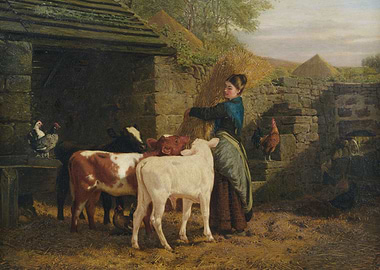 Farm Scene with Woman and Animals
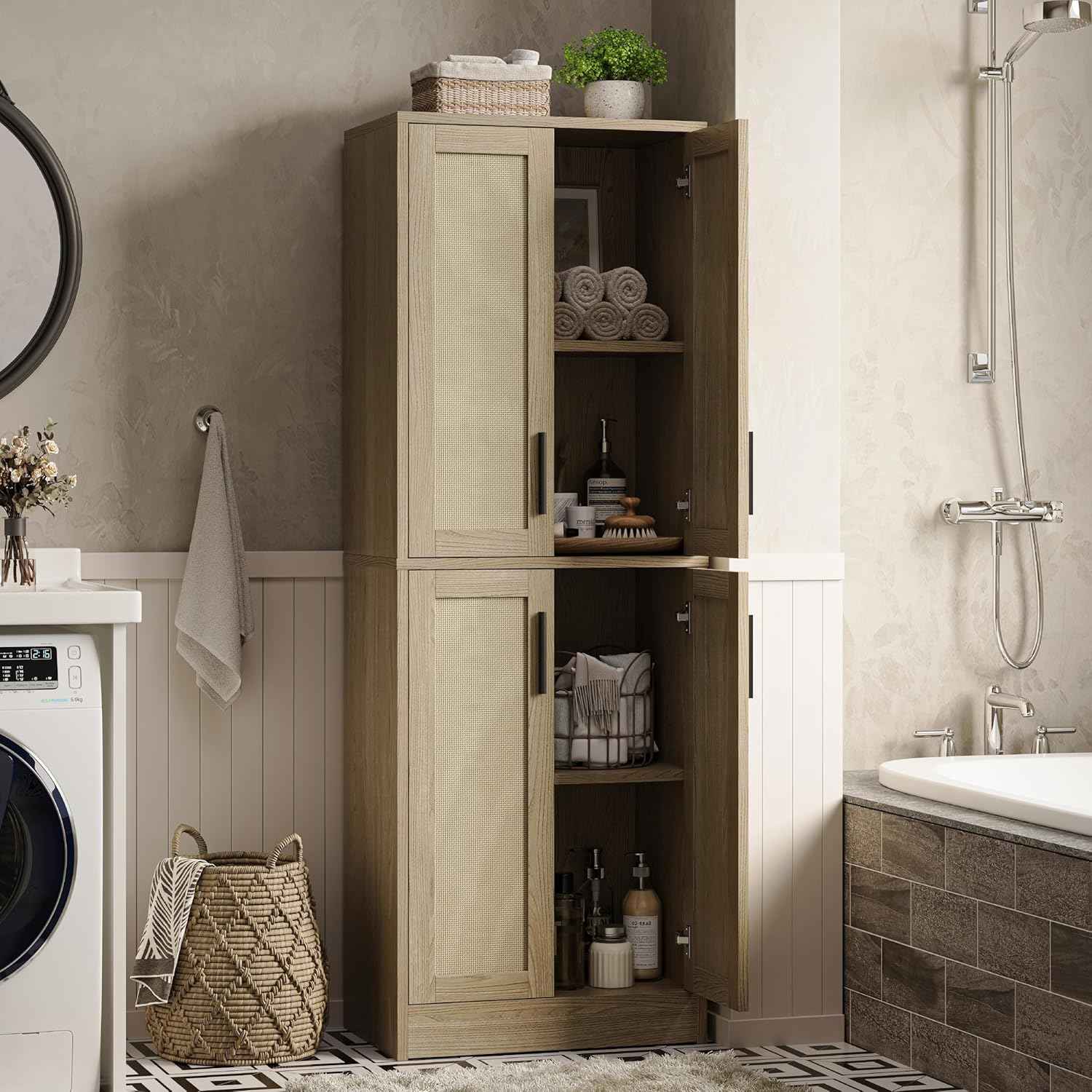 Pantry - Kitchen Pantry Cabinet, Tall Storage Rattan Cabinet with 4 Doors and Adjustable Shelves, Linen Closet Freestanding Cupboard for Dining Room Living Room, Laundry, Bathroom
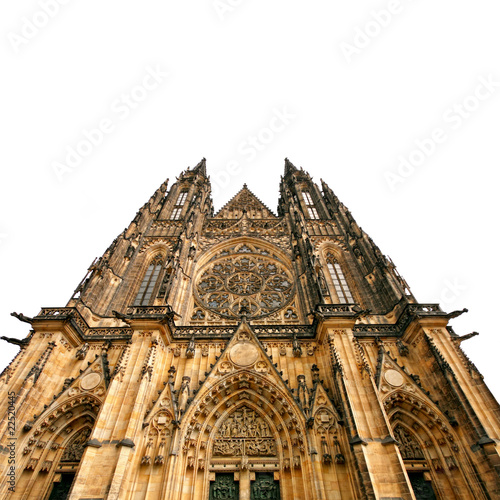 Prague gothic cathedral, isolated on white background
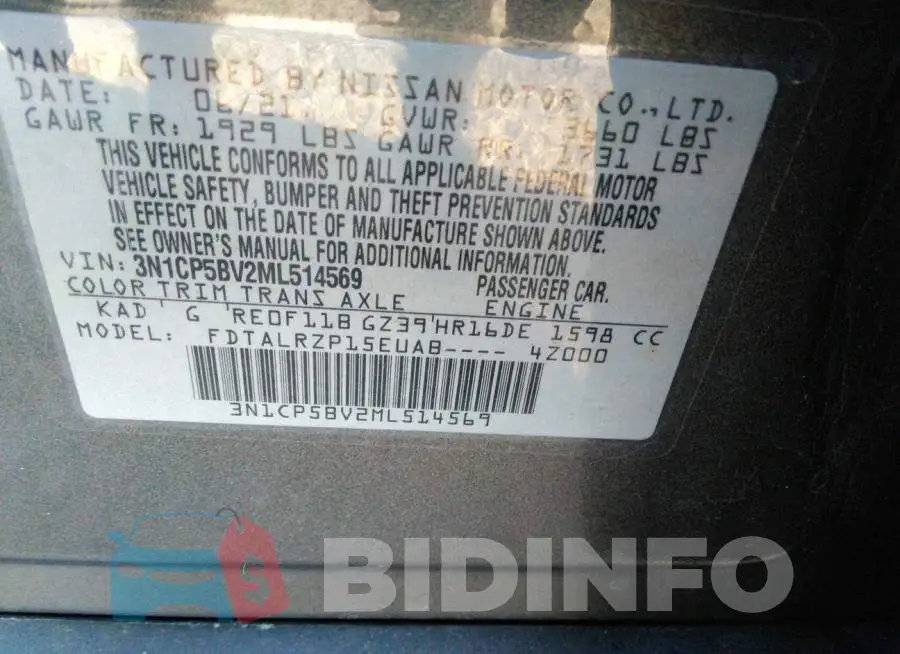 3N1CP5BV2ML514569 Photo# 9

§ Assigned task:
Each line above is to be transcribed exactly, though its pictures are not.

§ Reply:
 Farm Scene with Woman and Animals
 Pantry - Kitchen Pantry Cabinet, Tall Storage Rattan Cabinet with 4 Doors and Adjustable Shelves, Linen Closet Freestanding Cupboard for Dining Room Living Room, Laundry, Bathroom
 Prague gothic cathedral, isolated on white background
 3N1CP5BV2ML514569 Photo# 9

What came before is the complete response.